Mercado has continued on this anti-colonial work through scholarly pursuits with her most recent project “Comparative Intersectionalities,” a collaboration between her and her colleague Dr. Gonzalez-Hernández.

Mercado said her goal in this new project is “to talk about colonialism, to talk about the effects of colonialism in different places, but also to highlight the differences in how those things are different.”

Mercado finds significance in calling out the impacts of colonialism to challenge the hegemonic knowledge that is often taught. “Doing these comparisons of what colonialism looks like and how discrimination due to colonialism looks like in different parts of the world and how people who have been colonized have received this colonialism. Or what does it look like? That’s the sentiment, right?” Mercado said. She values shedding light on these topics for others to discover what their identities are and how colonialism has shaped their story.

“Inclusion is not the only thing that we are aiming for, but also representation that is dignified,” Mercado said, in regards to the media.

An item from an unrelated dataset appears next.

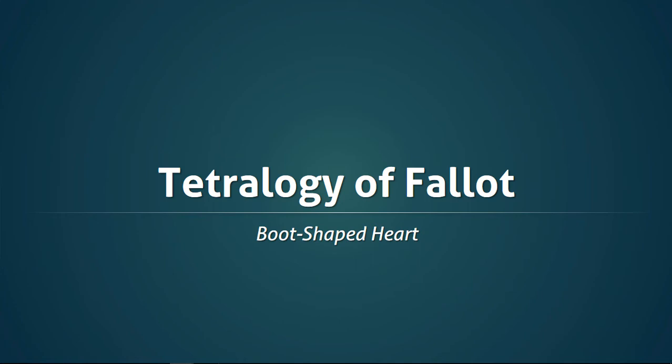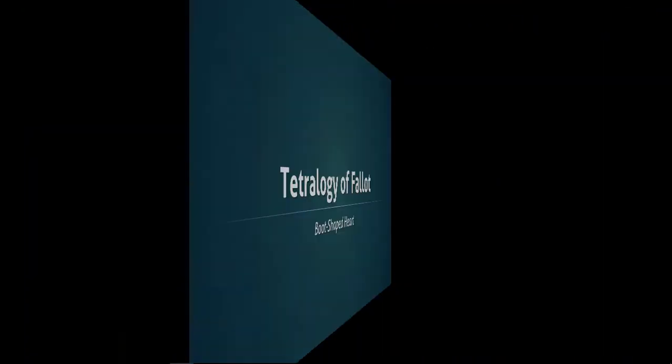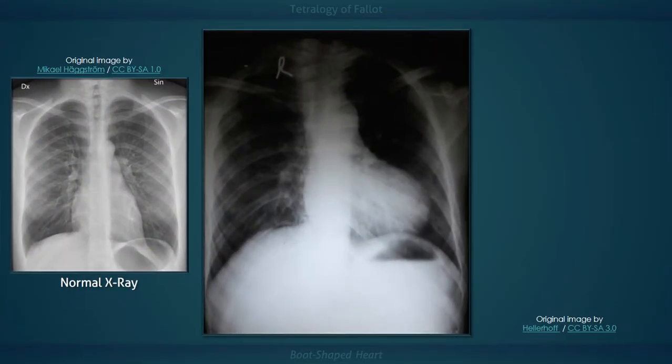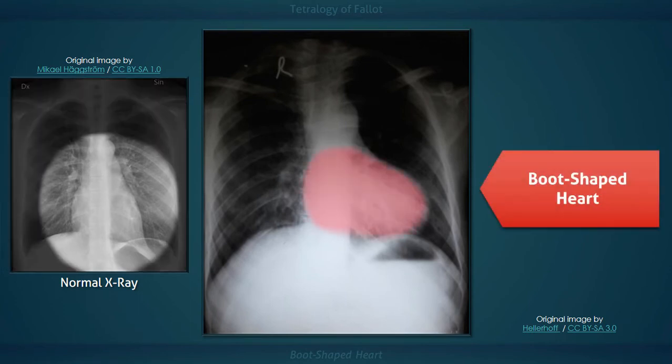This lecture will discuss the potential radiographic findings in a chest x-ray taken from a patient with tetralogy of Fallot. The term boot-shaped heart refers to the abnormal appearance of the cardiac silhouette. Two of the four classic defects that contribute to this appearance are a ventricular septal defect and pulmonic stenosis.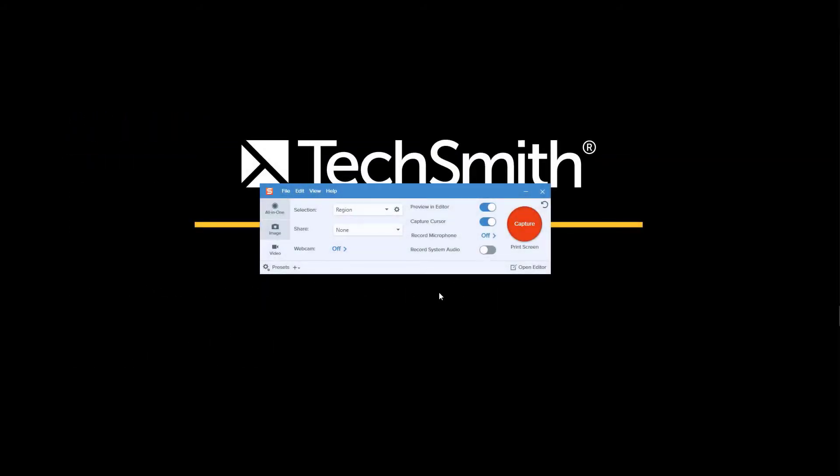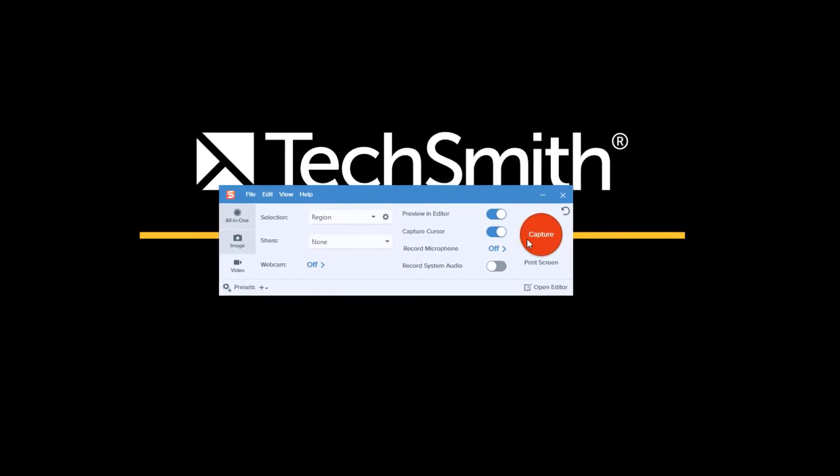When using Snagit's video recording option, you're presented with a couple of choices in terms of audio.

Her scholarly work, as well as her activism in the community and intersectional approach to teaching, have been noticed by USD senior Sarah Siegel, who has taken two of Mercado’s courses.

“I admire her teaching — she brings a really unique perspective to all the discussions and she always incorporates her culture and experience with indigenous people,” Siegel stated. “She always integrates other cultures into her discussions and goes outside the Eurocentric view.” Siegel said that Mercado is never one to judge and is always open to hear everyone’s experience.

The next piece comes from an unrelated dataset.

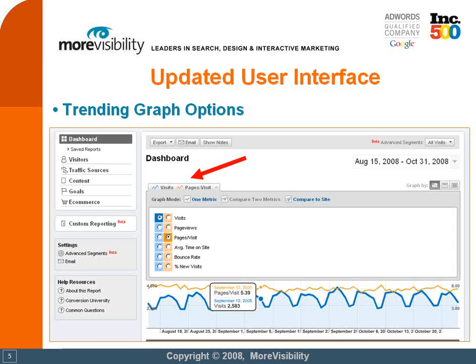So in this particular screenshot, I'm comparing two different metrics at the same time in my trending graph. I have visits represented by the blue bar, and pages per visit represented by the orange line in the trending graph. And once I roll my mouse over any data point in that trending graph, I'll be able to see visits and pages per visit at the same time. So it gives you a nice visualization — a nice way to combine two different metrics.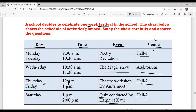Thursday and Friday: 12 PM to 1 PM — theatre workshop by Anita Meath in Hall 2. Saturday: 1 PM to 2 PM — quiz conducted by Harpreet Kaur in Hall 2.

“My first impression was that she was super into hearing our personal opinions and experiences and she cared a lot about how we’re feeling,” Siegel said. “She made sure that we all had the resources to be involved in the class for the day. And she was really friendly and inclusive to everyone.”

Siegel appreciated the work Mercado does in and out of the classroom and has valued having a professor who truly wants to get to know you for you.

What motivates Mercado the most are the relationships she has built along the way.

“My favorite thing is the relationship with the students,” Mercado said. “There’s so much value in that and showing the students the world and seeing how they take it…I have developed so many relationships along this road. And that’s the thing that drives me, both with the students and with people in the communities that I study with. I don’t see them as subjects of research.”

Mercado shared a phrase that her father would tell her when she was growing up: “richness is your people; that’s your wealth.” She has lived by these words and they have molded her into the person she is today — someone who has deep love and empathy for the world and those around her. She defined herself as rich in life, for she is surrounded by people whom she truly cares about and wants to inspire.

Mercado is a woman of many talents who managed to turn her struggles into her life’s work. By taking an intersectional approach to the world and colonialism, she is exhibiting new ways of thinking and experiencing life to others.